Skip to content

Dataset¤


source

Dataset¤

 Dataset ()

A pytorch-like Dataset class.


source

ArrayDataset¤

 ArrayDataset (*arrays:jax.Array, asnumpy:bool=True)

Dataset wrapping numpy arrays.

This is similar to torch.utils.data.TensorDataset, but it wrapps numpy arrays.

X = jnp.arange(10000).reshape(1000, 10)
y = jnp.arange(1000)
ds = ArrayDataset(X, y)
assert len(ds) == 1000

We index numpy arrays along the first dimension. Dataset indexing is done via ds[index].

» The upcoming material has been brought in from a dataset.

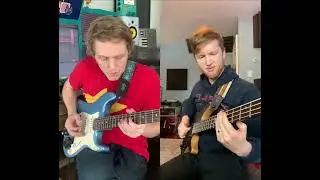 Six string piccolo bass vs Charles the PRO™ @CharlesBerthoud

x1, y1 = ds[1] # get the first sample
assert jnp.array_equal(x1, X[1])
assert jnp.array_equal(y1, y[1])

x10, y10 = ds[:10]
assert jnp.array_equal(x10, X[:10])
assert jnp.array_equal(y10, y[:10])

By default, ArrayDataset stores arrays as numpy.array.

x, _ = ds[:10]
assert isinstance(x, np.ndarray)
assert not isinstance(x, jnp.ndarray)

If you want to store the array type the way you passed, you can simply pass asnumpy=False.

ds = ArrayDataset(X, y, asnumpy=False)
x, _ = ds[:10]
assert isinstance(x, jnp.ndarray)